Keywords: Generalized entropies; network traffic; anomaly detection; OC-SVM; Mahalanobis Kernel; Mahalanobis distance
Comments on this paper
Nabin Malakar
17 November 2014
On Tsallis Entropy, and Classification
Hi Jayro et al,
Interesting work!
Just curious questions:
1. You mentioned that
"parameter q ( in generalized entropy) is used to make less or more sensitive the entropy to certain events within the distribution
"
Could you please clarify about the kind of events for various values of q?
2. How did you decided on the Tsallis entropy with q = 0.01? Can we objectively decide on this number, or it is an empirical value?
3. Could you please tell a bit more about classification scheme used in here. What are the distinguishing features? and how different are they?
Also, what would happen if you were to discretely vary q from 0 to 1 (Shannon)? Does the nature of detection change?
Does if affect the "classification"?
Detection rates for Knn>2 seems to be pretty much flat. Could you please comment on that.
Thanks!
Interesting work!
Just curious questions:
1. You mentioned that
"parameter q ( in generalized entropy) is used to make less or more sensitive the entropy to certain events within the distribution
"
Could you please clarify about the kind of events for various values of q?
2. How did you decided on the Tsallis entropy with q = 0.01? Can we objectively decide on this number, or it is an empirical value?
3. Could you please tell a bit more about classification scheme used in here. What are the distinguishing features? and how different are they?
Also, what would happen if you were to discretely vary q from 0 to 1 (Shannon)? Does the nature of detection change?
Does if affect the "classification"?
Detection rates for Knn>2 seems to be pretty much flat. Could you please comment on that.
Thanks!
Jayro Santiago
20 November 2014
Dear Nabin Malakar,
Thanks for reading our work.
We refer to the fact that the factor q in the equations 2 and 3 modify the entropy values,
and consequently the behavior of the entropy. Also, for a specific event con probability p
and with appropriated q-values we can increase (or decrease) the entropy value respect to
Shannon entropy. By example (closest to our application), whether we have a certain distribution
which we want to identify events with small probability (<0.1) or events likely to occur greater than 0.9 and discriminate all other events, using the Tsallis entropy with q = 0.01
we can achieve, because entropy values within the range of 0.1 to 0.9 tend to be equal and large,
while the values of entropy outside this decrementing, see figure 2 in
https://www.dropbox.com/s/cis9r854vi8dv34/e-conference%20Entropy.pdf?dl=0
About the value of parameter q, the election is obtained by means of experiments, choosing values
that provide higher level of detection.
For the classification, as distinguishing features to this traffic study were selected in this work
IP address (source and destine), and Ports (source and destine), because generally change during
a set of anomalies. Next, the entropy of these features is calculated. The behavior of these features
via theirs entropies in the normal and abnormal network traffic were studied. Our approach is
based on mathematical tools such as: Mahalanobis distance, covariance matrix, OC-SVM,
and Knn Algorithm. It allows the construction of different regions (regular and non-regular),
which encompass the behaviors of the four selected features. . These regions allow, first the
classification as normal or abnormal. And after that, the classification of known attacks is performed.

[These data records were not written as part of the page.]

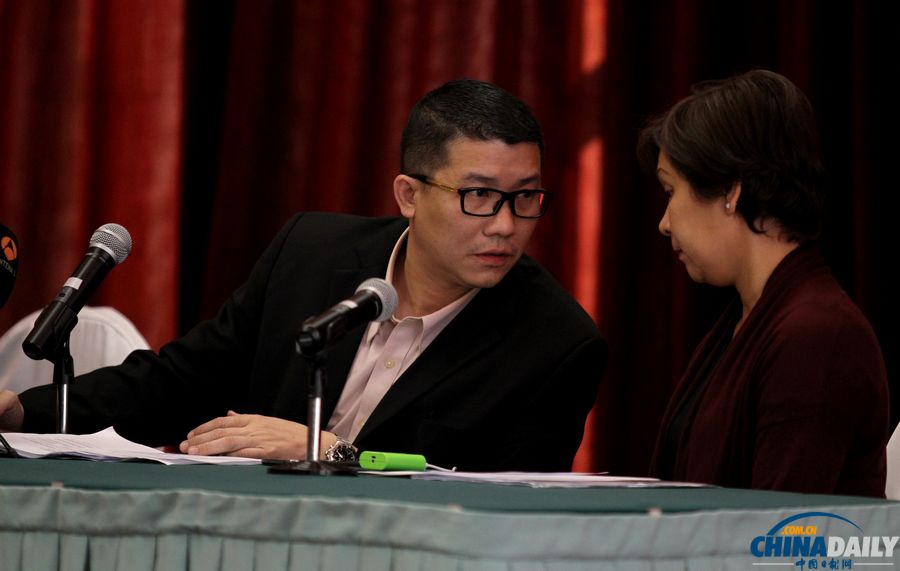 馬航在京舉行第三場(chǎng)新聞發(fā)布會(huì) 回答記者提問(wèn)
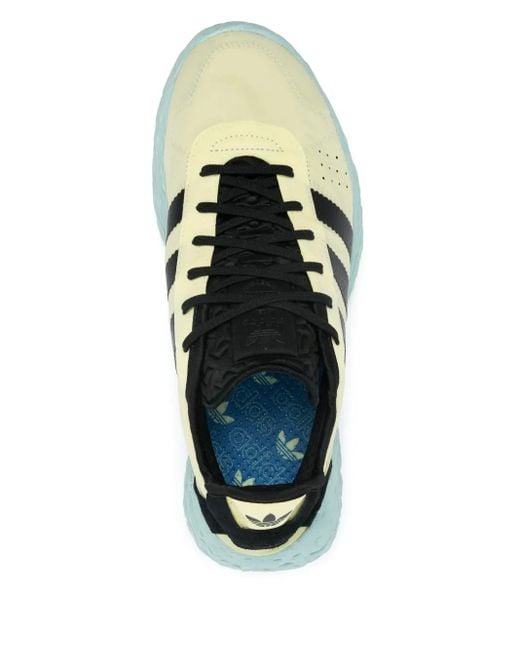 メンズ Adidas Zponge スニーカー Green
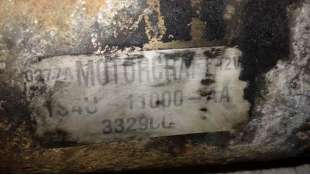 CINTURON SEGURIDAD TRASERO IZQUIERDO SKODA OCTAVIA II (2004-2010) 1.9 TDI 105CV 1896CC - L.5052129 / 1Z0857447E 2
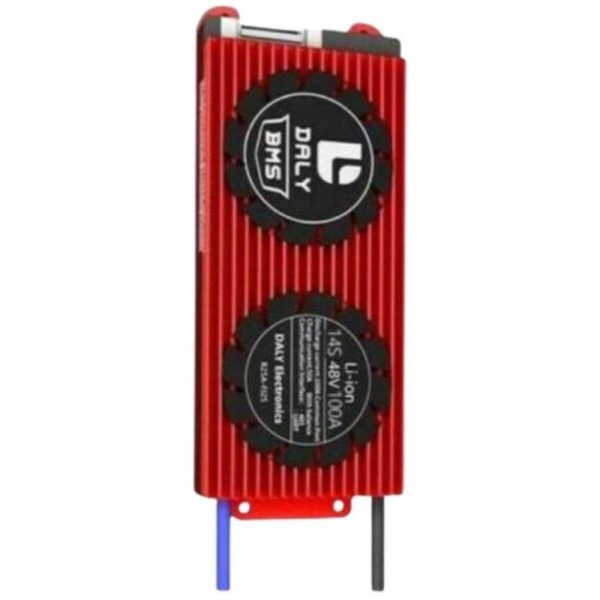 DALY Smart BMS 14S 48V 100A Lithium ion Battery Protection Module.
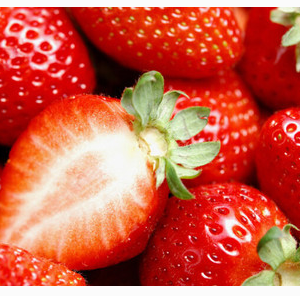 源和果品草莓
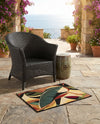 Seaside Blooms Collection Area Rug -  Tivoli Rectangle Multi  lifestyle 45
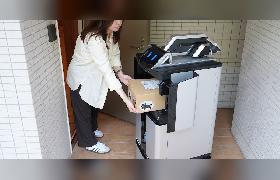 ヤマト運輸とWATT。大規模マンションでのラストワンマイルに自動配送ロボットを活用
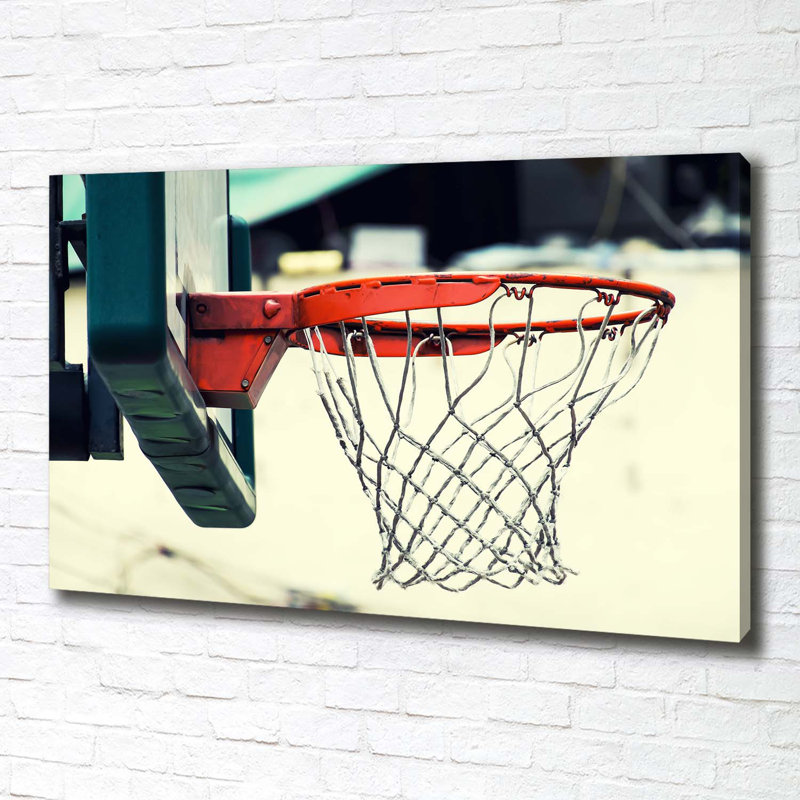 Basketball - Wrapped Canvas Print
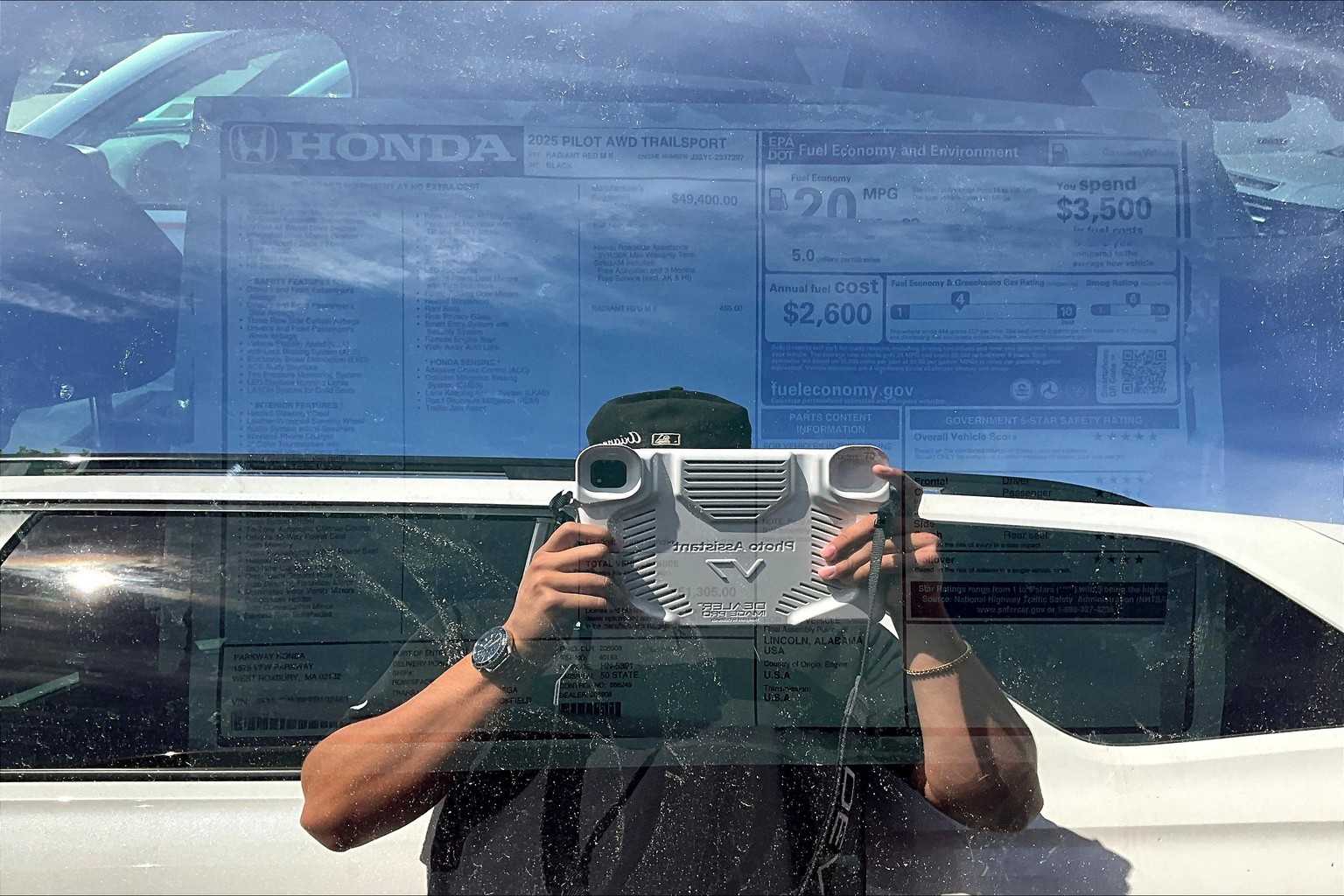 2025 Honda Pilot TrailSport - Photo 17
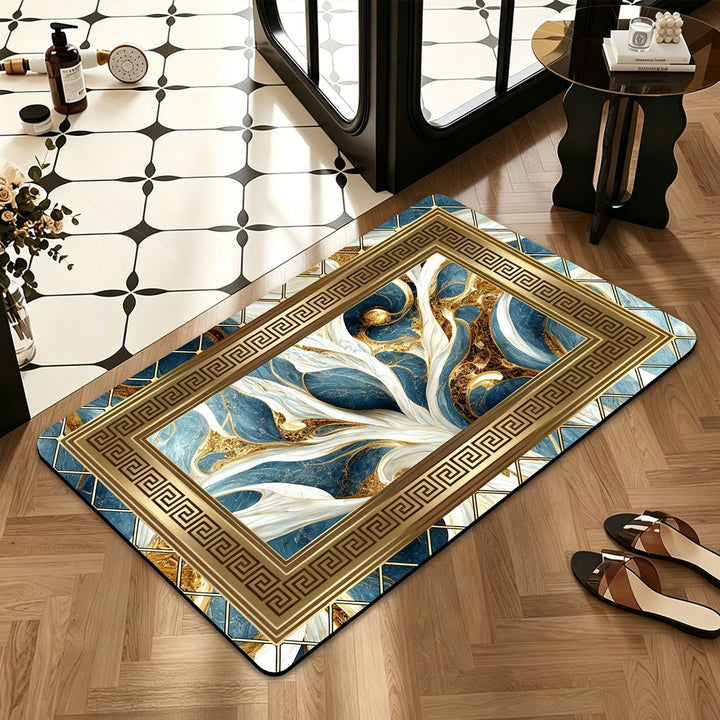 Stylish Decorative Bath Mat Stornfield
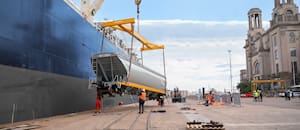 Llegaron desde China 45 vagones para la cosecha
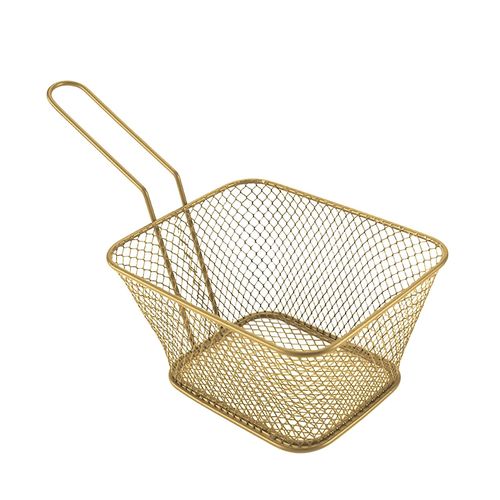 French Fries Holder Frying Basket For Deep Aureate Large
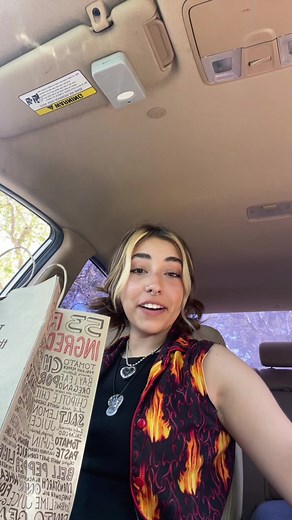 need a companion to eat chipotle in my car w me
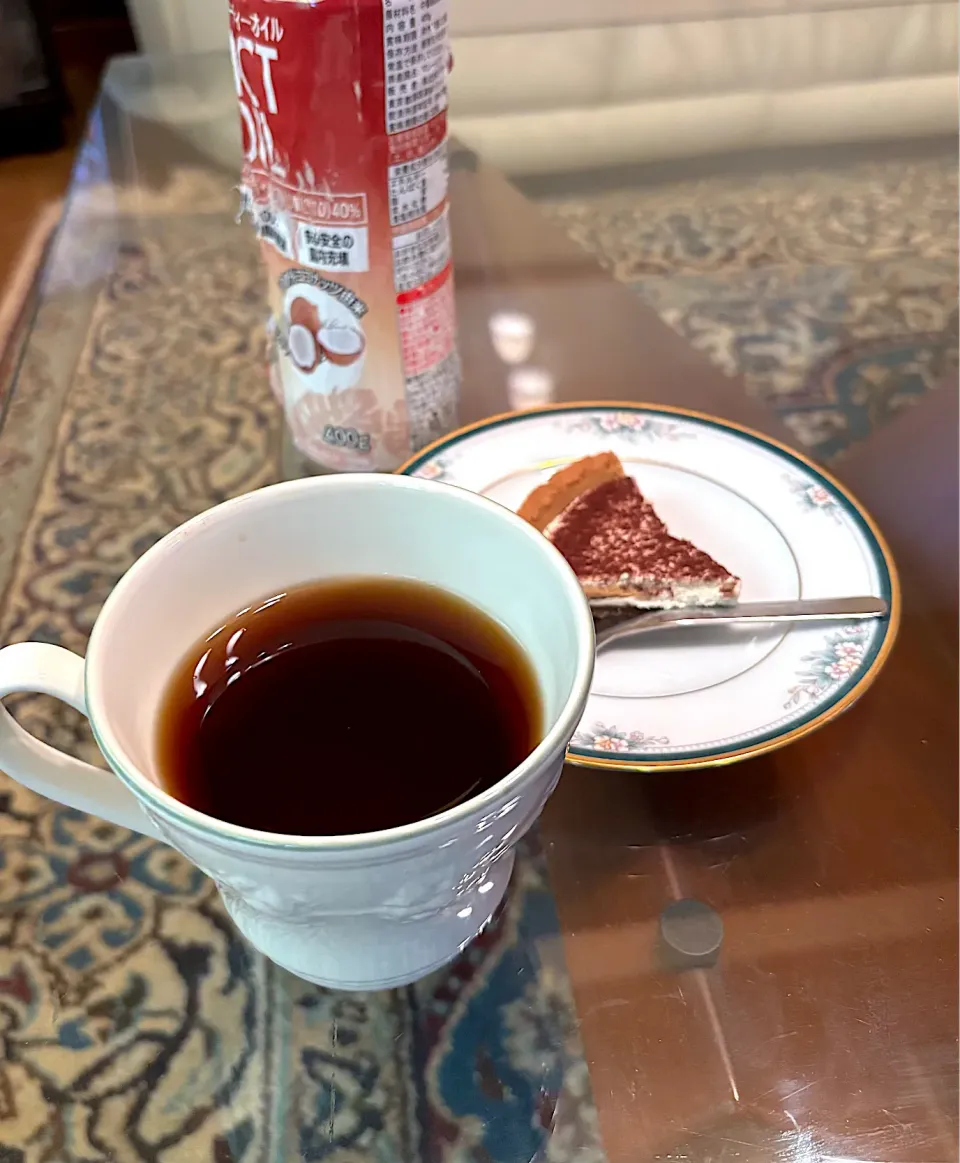 MCTオイルで健康コーヒー☕️|かっちゃん杉さん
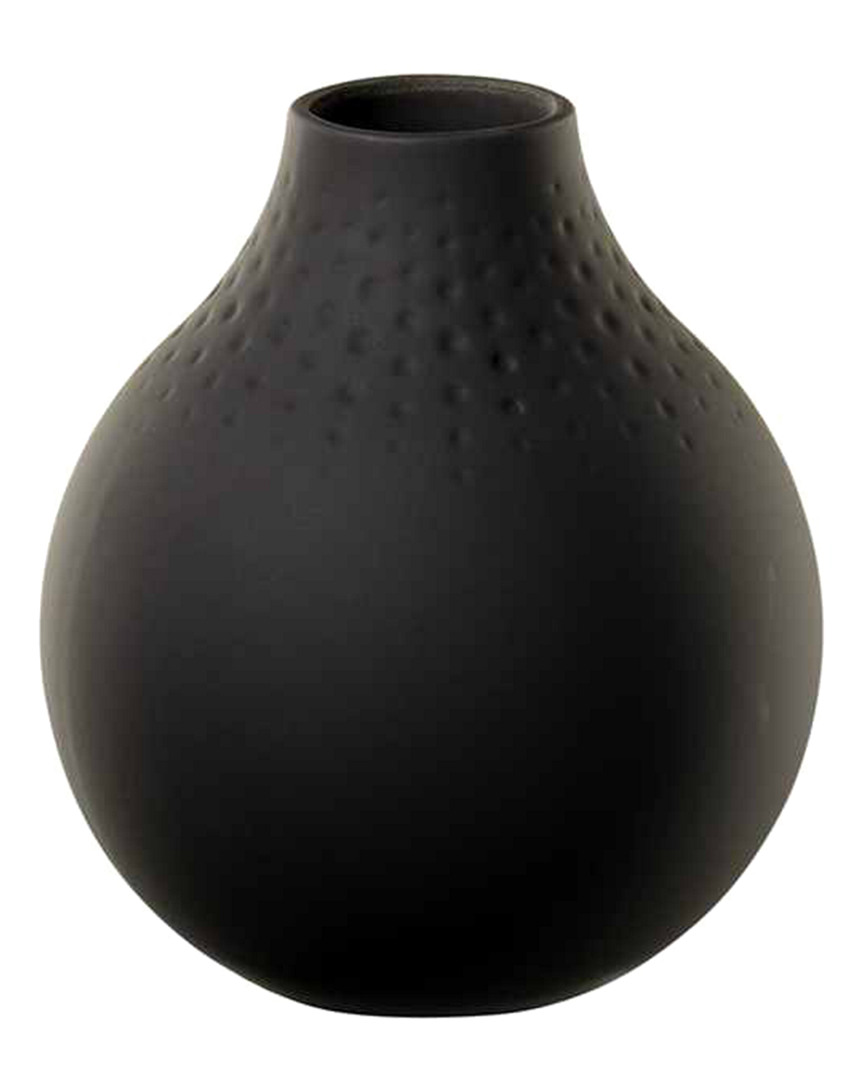 Villeroy & Boch Collier Noir Small Vase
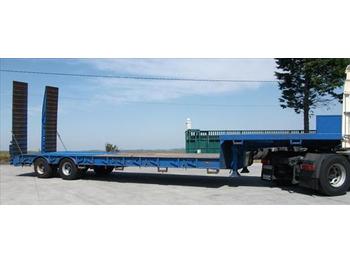 Low loader semi-trailer LECIÑENA: picture 1
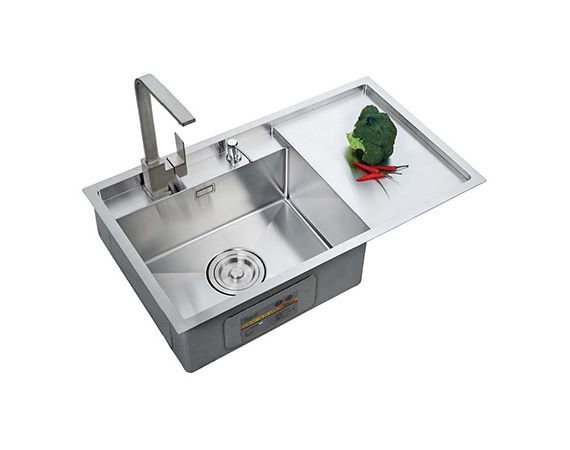 Chậu rửa bát 1 hố có bàn Royal T8348 (83x48cm)
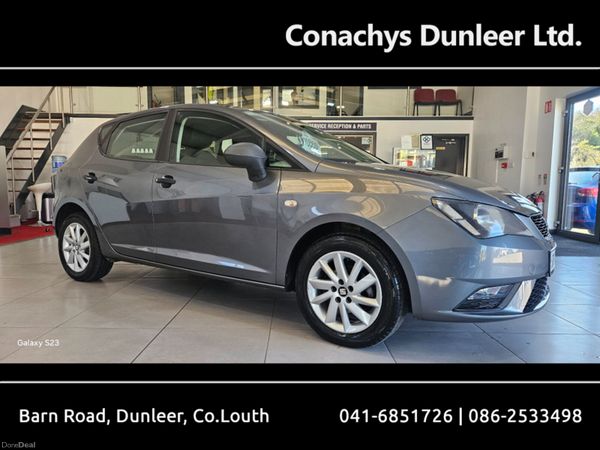 SEAT Ibiza Hatchback, Petrol, 2017, Grey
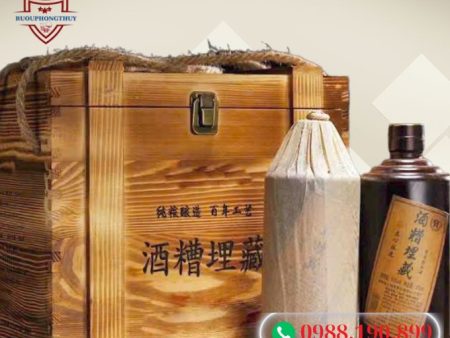 Moutai ủ trấu Quý Châu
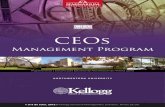CEOs Management Program - Kellog School of Management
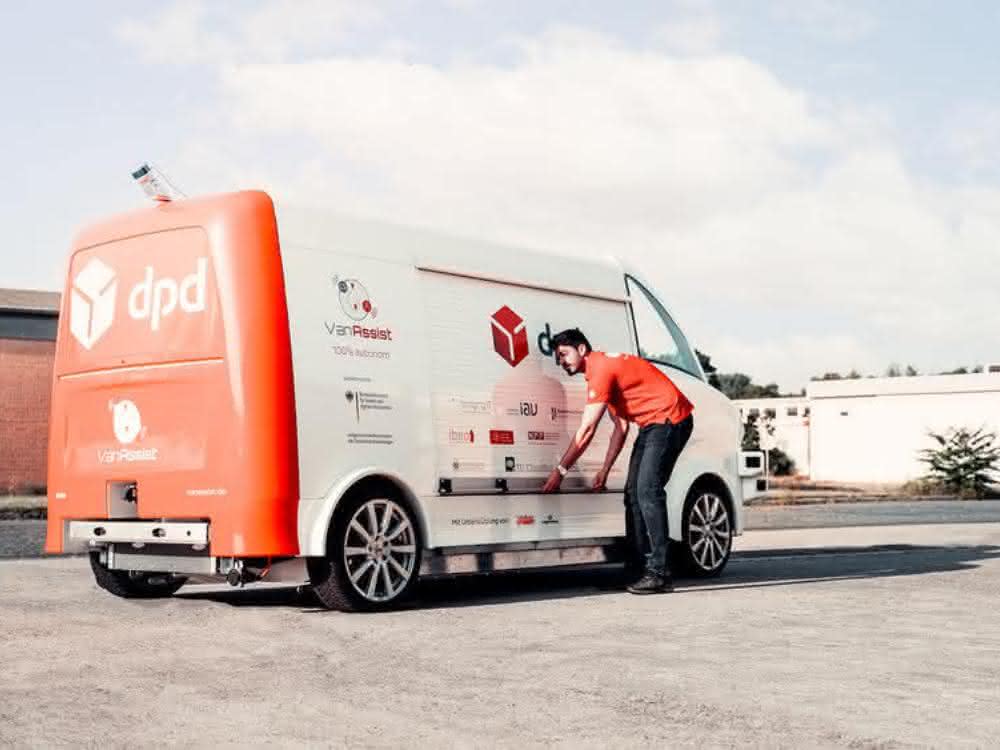 Autonomous driving: "VanAssist": the delivery vehicle of the future? Autonomous driving: "VanAssist": the delivery vehicle of the future?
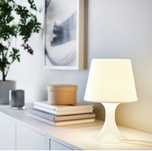 Lampka IKEA biała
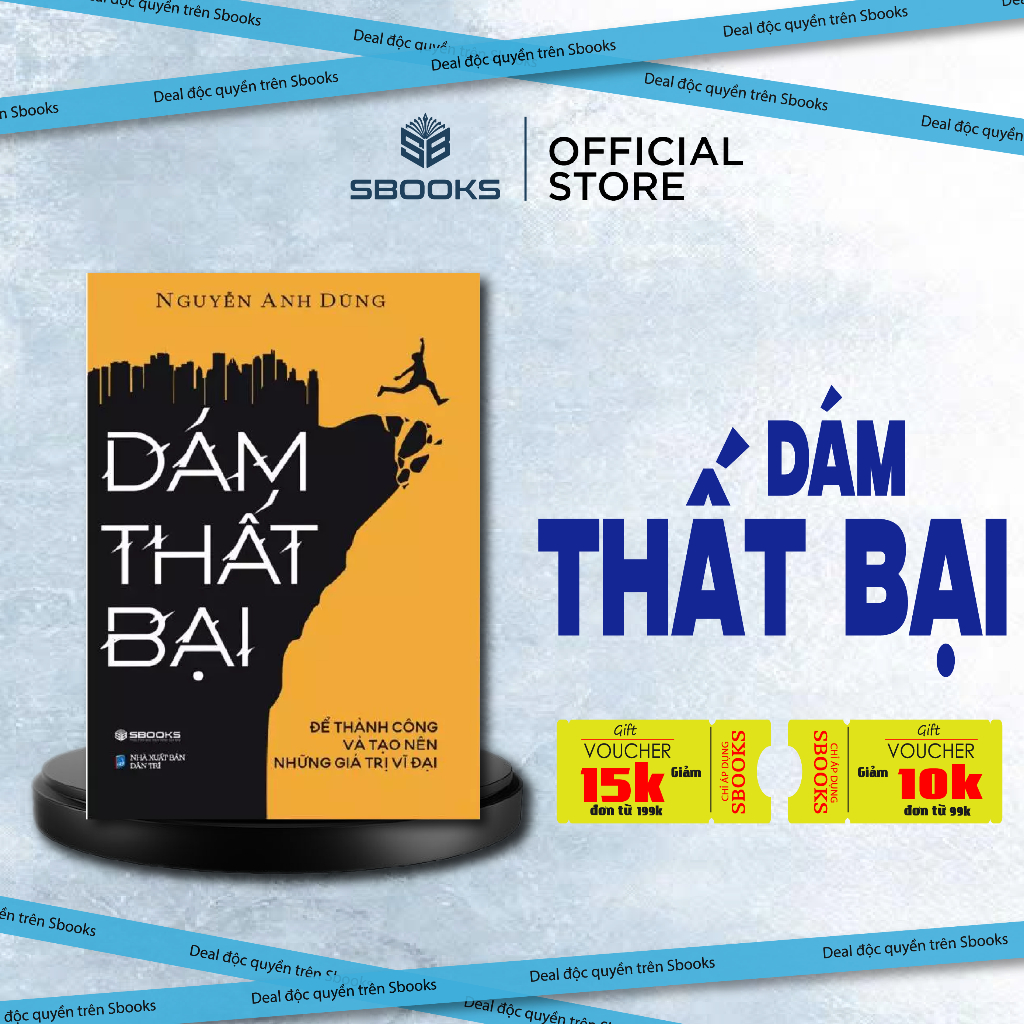 Sách - Dám Thất Bại - SBOOKS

The results of the experiments show that using non-regular regions we obtain a better classification,
because these regions are more separated from each other, since the regular regions overlap
between them difficult the classification.
In effect, if we discretely vary q from 0 to 1 (for Renyi and Tsallis) the results of the detection and
classification change due to the equations 2 and 3. But, Shannon entropy is independent of q.
About Knn. We assume that every entropy point outside of the normal region is an anomaly.
But, not every anomaly belongs to a specific attack class. If a point is an anomalous but theirs
successive neighbors are normal, then it is normal too. If a point is an anomalous and
theirs successive neighbors belong to an anomaly class A, then it belongs to this class.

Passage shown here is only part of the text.